§ Records:
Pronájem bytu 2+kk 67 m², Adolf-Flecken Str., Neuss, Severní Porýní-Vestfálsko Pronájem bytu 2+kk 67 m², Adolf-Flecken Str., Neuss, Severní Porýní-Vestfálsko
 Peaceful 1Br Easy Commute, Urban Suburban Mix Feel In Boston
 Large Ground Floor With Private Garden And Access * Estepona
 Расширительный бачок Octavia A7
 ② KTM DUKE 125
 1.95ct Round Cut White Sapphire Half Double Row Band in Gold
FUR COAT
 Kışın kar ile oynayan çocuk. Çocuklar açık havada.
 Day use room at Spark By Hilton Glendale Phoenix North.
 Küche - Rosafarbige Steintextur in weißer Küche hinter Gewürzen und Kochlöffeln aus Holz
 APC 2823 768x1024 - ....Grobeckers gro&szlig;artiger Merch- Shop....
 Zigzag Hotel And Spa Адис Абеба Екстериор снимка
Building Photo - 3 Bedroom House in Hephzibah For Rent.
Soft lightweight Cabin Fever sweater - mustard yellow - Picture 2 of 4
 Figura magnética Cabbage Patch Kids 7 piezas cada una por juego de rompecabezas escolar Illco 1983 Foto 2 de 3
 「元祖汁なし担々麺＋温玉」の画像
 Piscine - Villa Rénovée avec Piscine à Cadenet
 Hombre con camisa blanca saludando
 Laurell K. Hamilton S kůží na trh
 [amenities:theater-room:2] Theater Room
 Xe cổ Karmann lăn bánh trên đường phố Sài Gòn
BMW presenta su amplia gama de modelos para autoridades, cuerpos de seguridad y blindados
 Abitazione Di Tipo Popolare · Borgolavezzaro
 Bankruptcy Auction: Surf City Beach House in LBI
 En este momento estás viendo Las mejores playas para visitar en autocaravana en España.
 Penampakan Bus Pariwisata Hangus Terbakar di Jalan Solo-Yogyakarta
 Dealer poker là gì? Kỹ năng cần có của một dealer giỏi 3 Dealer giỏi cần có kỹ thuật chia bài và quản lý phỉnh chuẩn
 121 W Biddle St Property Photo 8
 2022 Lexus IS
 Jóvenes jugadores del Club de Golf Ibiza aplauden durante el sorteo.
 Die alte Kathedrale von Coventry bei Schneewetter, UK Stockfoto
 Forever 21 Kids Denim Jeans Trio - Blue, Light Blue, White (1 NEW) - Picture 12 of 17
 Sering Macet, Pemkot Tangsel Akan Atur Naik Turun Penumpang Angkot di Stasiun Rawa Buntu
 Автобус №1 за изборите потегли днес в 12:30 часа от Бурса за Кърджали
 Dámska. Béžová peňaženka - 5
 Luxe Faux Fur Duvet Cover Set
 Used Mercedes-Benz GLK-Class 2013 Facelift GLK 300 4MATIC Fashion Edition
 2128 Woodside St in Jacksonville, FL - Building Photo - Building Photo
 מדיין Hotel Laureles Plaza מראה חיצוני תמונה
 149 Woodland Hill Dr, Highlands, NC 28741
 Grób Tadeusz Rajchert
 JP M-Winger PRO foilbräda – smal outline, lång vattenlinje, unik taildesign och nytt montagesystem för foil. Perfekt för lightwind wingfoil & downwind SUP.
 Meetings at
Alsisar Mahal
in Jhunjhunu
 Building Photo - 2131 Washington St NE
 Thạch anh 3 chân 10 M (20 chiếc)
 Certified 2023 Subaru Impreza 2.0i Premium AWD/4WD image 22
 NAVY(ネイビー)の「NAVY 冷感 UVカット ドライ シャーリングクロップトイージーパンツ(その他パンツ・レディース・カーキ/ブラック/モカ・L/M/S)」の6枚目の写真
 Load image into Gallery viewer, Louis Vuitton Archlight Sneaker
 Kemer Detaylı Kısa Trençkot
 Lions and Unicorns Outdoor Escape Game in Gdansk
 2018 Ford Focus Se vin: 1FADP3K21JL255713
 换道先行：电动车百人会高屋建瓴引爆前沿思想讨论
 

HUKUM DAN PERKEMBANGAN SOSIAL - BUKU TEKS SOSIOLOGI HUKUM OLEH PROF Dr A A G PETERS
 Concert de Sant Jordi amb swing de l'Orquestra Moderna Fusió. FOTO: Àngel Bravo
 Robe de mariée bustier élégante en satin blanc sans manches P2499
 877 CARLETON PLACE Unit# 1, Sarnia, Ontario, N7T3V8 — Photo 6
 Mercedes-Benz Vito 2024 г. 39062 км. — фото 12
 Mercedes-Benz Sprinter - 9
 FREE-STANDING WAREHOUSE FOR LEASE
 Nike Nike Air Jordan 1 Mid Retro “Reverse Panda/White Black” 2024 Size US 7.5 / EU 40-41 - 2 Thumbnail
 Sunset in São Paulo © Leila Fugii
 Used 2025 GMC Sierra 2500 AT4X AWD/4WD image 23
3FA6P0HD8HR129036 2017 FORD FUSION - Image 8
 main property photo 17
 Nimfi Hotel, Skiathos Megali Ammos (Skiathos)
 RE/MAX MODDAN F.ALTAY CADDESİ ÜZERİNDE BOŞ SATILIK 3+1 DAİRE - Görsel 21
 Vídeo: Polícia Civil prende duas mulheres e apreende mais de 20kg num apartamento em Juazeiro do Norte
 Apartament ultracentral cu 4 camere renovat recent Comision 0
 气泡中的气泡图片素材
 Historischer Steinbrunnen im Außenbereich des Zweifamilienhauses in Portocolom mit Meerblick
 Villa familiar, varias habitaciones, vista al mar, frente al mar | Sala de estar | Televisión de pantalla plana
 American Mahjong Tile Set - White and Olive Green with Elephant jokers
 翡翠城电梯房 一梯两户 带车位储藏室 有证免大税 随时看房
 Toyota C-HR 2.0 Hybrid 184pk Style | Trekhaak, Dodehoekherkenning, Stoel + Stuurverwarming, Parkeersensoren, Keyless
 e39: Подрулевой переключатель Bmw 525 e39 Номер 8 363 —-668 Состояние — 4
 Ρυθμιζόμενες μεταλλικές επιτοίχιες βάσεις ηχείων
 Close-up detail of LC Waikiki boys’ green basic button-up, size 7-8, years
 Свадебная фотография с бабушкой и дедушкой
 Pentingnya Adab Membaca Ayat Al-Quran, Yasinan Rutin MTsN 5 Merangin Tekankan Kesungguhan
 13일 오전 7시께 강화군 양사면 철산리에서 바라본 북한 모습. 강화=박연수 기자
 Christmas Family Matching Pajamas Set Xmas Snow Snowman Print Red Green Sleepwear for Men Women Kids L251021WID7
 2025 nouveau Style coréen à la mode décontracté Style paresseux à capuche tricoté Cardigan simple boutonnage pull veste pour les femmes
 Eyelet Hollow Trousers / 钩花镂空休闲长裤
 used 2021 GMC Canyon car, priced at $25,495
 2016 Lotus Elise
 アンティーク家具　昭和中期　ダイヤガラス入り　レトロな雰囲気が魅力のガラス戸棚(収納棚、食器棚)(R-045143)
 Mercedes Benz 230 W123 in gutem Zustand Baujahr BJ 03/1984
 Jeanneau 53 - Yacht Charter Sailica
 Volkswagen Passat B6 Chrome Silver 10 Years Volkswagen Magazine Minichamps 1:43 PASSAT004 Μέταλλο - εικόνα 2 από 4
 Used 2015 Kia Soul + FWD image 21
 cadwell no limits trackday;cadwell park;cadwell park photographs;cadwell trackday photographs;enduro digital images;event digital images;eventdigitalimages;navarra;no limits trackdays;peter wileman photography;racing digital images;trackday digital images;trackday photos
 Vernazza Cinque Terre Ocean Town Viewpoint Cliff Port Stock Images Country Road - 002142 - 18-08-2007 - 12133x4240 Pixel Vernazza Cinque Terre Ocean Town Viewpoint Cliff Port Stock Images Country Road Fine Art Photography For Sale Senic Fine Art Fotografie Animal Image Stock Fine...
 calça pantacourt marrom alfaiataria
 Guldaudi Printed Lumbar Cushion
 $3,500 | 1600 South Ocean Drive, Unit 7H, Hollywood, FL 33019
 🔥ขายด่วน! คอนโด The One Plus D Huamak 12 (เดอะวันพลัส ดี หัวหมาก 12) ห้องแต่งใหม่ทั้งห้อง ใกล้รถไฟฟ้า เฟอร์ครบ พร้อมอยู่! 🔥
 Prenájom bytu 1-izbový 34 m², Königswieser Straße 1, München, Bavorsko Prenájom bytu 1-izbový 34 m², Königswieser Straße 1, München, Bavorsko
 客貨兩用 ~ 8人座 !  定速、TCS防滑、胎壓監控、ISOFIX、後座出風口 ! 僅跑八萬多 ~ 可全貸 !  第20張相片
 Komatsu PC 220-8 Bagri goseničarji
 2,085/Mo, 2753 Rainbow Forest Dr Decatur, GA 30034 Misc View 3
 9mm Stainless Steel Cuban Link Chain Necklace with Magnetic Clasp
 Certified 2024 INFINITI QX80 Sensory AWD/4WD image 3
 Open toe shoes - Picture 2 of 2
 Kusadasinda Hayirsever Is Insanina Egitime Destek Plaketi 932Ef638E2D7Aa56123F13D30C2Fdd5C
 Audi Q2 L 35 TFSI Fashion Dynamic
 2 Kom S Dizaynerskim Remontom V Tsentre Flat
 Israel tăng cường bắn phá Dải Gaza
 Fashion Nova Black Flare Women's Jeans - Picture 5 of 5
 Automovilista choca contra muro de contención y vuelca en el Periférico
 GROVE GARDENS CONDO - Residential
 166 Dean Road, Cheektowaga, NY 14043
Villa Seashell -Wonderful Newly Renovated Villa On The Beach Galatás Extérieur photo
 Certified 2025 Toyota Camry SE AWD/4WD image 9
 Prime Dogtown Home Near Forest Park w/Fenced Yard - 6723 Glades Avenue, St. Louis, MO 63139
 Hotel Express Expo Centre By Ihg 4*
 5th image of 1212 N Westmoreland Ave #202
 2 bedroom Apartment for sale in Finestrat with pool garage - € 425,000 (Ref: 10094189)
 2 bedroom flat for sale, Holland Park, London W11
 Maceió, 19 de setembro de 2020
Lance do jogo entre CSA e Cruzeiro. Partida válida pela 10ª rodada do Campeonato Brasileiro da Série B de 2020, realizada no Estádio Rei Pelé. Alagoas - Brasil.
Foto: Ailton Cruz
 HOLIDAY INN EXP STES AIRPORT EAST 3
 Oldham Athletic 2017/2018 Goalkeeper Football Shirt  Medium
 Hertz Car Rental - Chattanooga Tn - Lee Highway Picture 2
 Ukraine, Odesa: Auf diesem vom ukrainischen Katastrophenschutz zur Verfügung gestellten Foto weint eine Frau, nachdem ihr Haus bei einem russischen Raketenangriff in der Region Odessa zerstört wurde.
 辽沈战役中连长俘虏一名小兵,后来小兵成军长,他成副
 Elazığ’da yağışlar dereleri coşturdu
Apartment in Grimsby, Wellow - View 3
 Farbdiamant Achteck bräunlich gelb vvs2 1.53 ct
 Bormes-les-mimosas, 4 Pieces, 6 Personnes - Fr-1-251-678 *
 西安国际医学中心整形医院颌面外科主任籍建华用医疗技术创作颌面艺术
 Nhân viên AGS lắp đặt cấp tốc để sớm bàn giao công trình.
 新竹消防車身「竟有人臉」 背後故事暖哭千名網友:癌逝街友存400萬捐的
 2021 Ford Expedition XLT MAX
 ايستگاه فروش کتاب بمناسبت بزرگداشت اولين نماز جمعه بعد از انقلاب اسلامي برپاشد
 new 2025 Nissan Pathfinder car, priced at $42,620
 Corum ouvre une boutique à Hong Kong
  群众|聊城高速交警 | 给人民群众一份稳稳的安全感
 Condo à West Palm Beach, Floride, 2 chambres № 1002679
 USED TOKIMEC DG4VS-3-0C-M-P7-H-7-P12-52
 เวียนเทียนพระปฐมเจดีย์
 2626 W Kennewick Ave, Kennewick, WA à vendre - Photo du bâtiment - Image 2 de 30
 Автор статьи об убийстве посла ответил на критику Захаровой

§ What is required: Only one stretch of the records above is wanted: the lines between the one holding "Xe cổ Karmann" and the one holding "Penampakan Bus Pariwisata", inclusive, reproduced exactly.

§ The completed task:
 Xe cổ Karmann lăn bánh trên đường phố Sài Gòn
BMW presenta su amplia gama de modelos para autoridades, cuerpos de seguridad y blindados
 Abitazione Di Tipo Popolare · Borgolavezzaro
 Bankruptcy Auction: Surf City Beach House in LBI
 En este momento estás viendo Las mejores playas para visitar en autocaravana en España.
 Penampakan Bus Pariwisata Hangus Terbakar di Jalan Solo-Yogyakarta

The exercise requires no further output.